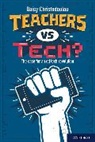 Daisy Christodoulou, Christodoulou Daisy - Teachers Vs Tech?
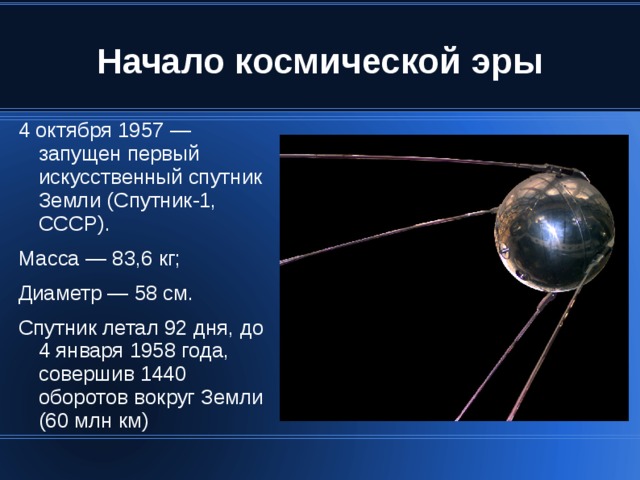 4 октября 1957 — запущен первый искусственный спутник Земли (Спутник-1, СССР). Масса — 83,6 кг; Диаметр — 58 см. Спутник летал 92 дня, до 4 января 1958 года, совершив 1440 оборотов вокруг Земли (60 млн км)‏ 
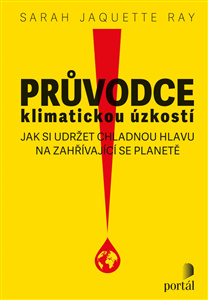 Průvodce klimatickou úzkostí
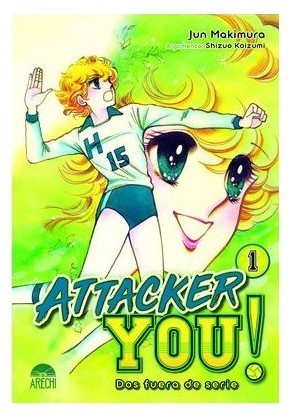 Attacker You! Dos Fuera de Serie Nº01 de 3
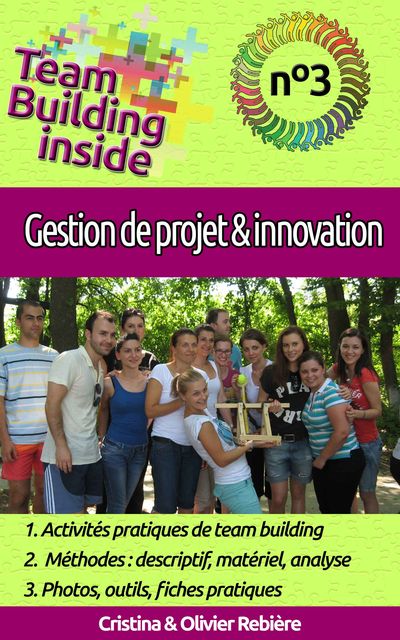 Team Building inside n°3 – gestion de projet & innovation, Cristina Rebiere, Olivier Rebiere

=====

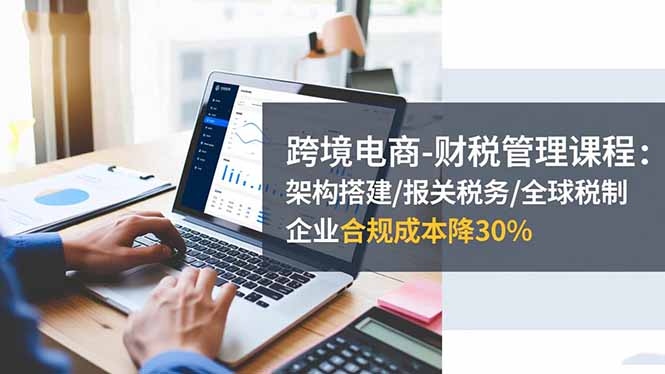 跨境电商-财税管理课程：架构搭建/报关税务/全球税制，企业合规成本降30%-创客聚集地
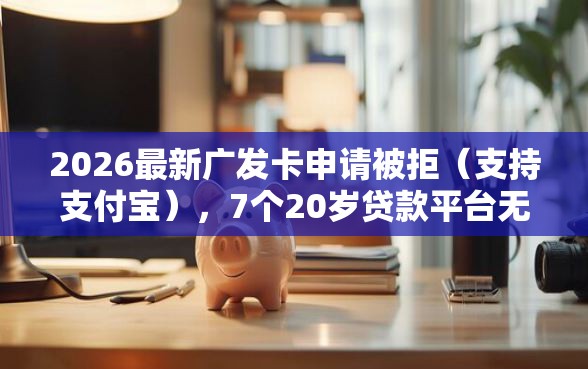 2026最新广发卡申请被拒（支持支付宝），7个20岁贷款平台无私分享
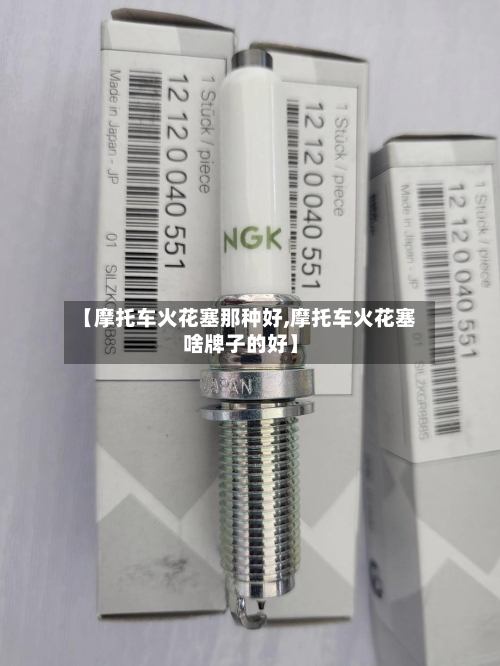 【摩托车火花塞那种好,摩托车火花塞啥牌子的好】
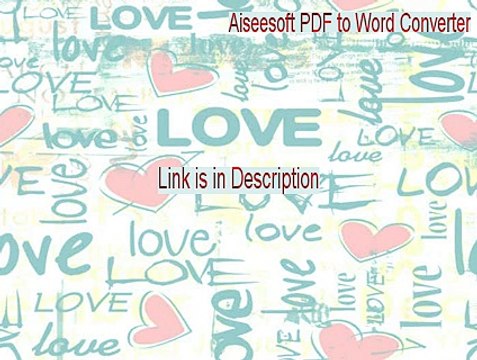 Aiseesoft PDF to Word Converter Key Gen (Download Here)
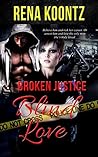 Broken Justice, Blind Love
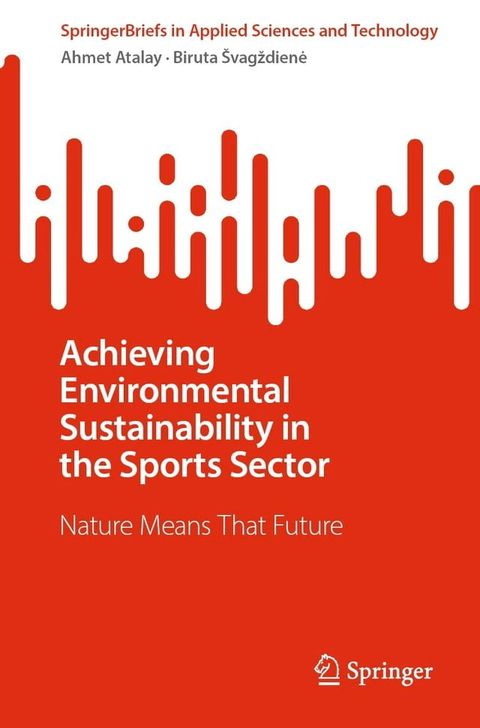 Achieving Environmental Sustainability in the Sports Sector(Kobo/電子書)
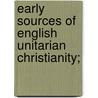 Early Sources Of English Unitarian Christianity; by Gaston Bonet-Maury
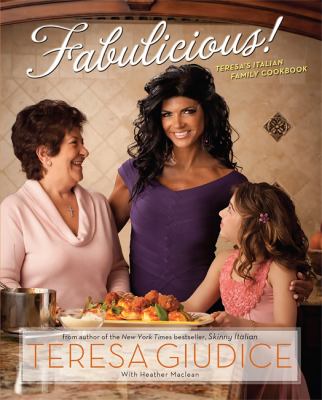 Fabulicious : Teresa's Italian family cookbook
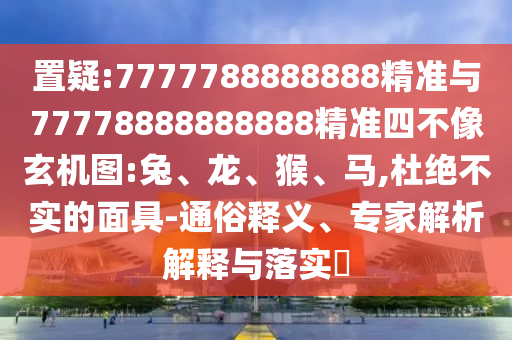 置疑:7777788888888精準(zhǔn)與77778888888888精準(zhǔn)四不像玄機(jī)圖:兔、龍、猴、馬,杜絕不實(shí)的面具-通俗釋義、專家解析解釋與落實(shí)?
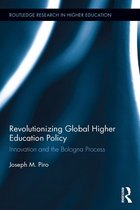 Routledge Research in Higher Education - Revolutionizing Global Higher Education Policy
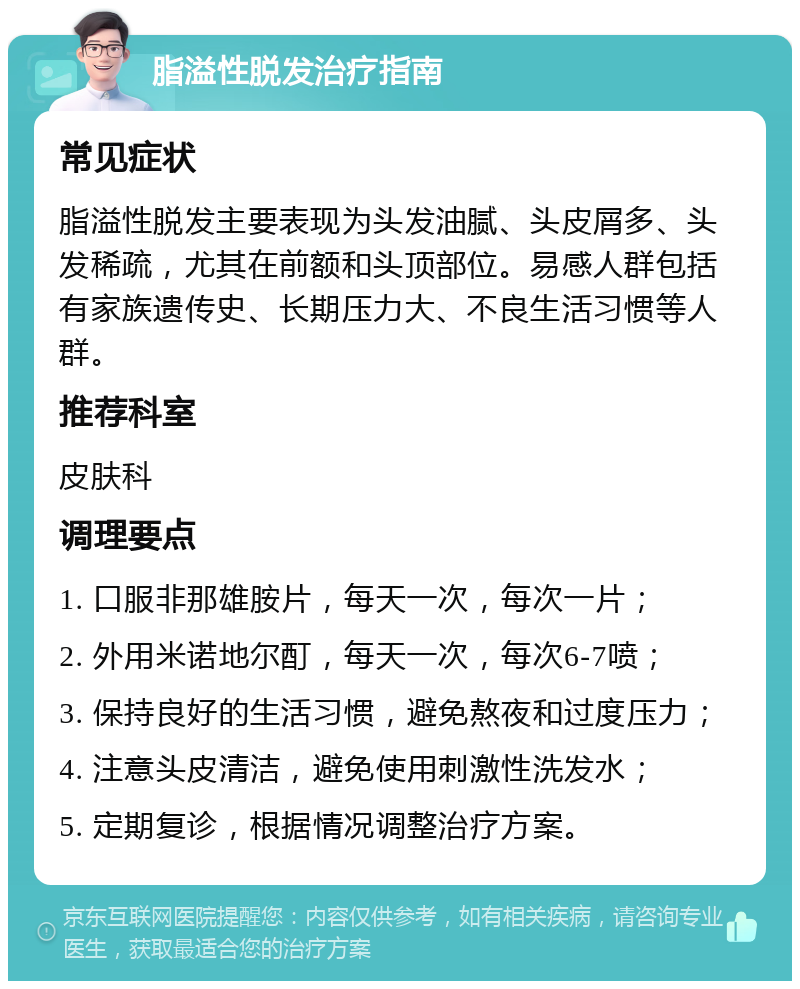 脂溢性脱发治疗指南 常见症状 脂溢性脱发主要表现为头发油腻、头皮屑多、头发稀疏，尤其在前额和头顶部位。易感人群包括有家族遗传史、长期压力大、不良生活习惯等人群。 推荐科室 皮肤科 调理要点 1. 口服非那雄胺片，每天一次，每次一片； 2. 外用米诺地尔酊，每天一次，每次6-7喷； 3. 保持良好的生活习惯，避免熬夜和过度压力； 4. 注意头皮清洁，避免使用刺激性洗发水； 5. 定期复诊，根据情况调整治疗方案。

=====

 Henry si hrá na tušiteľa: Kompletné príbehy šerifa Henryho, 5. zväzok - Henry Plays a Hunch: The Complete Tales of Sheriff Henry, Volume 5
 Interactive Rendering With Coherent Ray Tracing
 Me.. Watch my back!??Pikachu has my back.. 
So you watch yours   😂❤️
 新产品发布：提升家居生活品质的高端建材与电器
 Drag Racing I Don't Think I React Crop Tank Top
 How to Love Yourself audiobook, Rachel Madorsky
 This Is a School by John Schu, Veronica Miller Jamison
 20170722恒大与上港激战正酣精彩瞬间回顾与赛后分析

=====

Instructions for the task:
Within the material above, the line with "How to Love" opens the range and the line with "20170722恒大与上港激战正酣精彩瞬间回顾与赛后分析" closes it; reproduce that range word for word.

Task output:
 How to Love Yourself audiobook, Rachel Madorsky
 This Is a School by John Schu, Veronica Miller Jamison
 20170722恒大与上港激战正酣精彩瞬间回顾与赛后分析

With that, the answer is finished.